Elastomeric blends of homogeneous ethylene-octene copolymers

An elastomeric ethylene-octene copolymer was compared with binary blends of ethylene-octene copolymers formulated to have the same crystallinity as the target copolymer. Copolymers having narrow molecular weight distribution, homogeneous comonomer distribution and homogeneous long chain branching structure were prepared by Dow's INSITE(TM) constrained geometry catalyst and process technology (INSITE(TM) is a trademark of The Dow Chemical Company). A copolymer of higher comonomer content than the target was blended with the appropriate amount of a lower comonomer content copolymer to obtain the target level of crystallinity. Thermal analysis indicated that the components crystallized separately in all the blends.

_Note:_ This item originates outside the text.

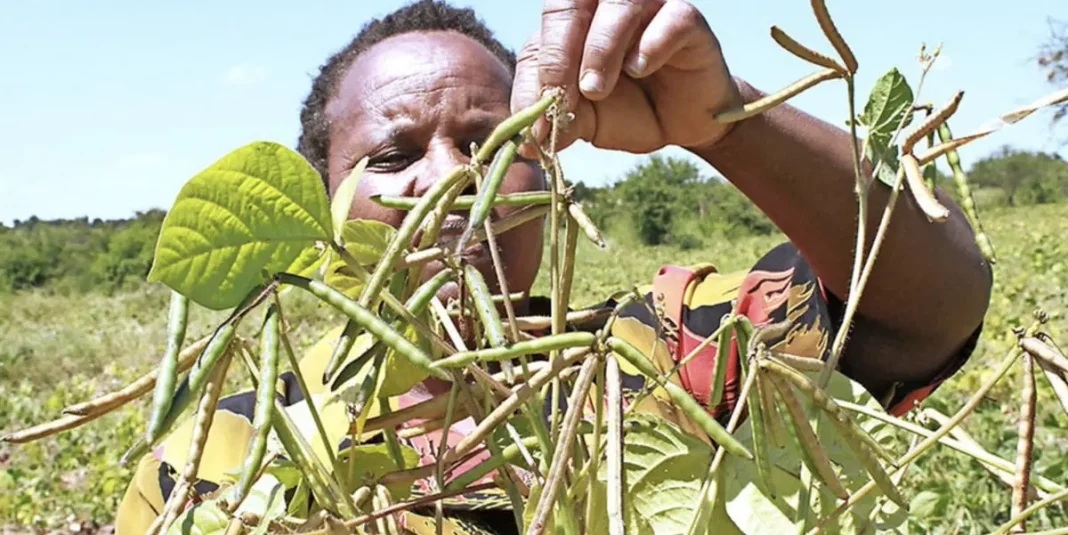 Kenia: Liga Campesina exige al gobierno proteger derechos humanos - teleSUR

The stress-strain behaviour of the copolymers and their blends was evaluated as a function of temperature. At ambient temperature, the total amount of crystallinity primarily determined the stress-strain relationship regardless of whether the material was a single copolymer or a copolymer blend. Any effects of phase morphology were subtle at ambient temperature. At higher temperatures, where the network junctions started to melt, miscibility of the non-crystalline regions produced a synergistic effect on the tensile strength. However, if the branch concentration of the blended copolymers was too different, the non-crystalline regions were immiscible,and the copolymer blend had a lower tensile strength than the target at higher temperatures. (C) 1997 Elsevier Science Ltd.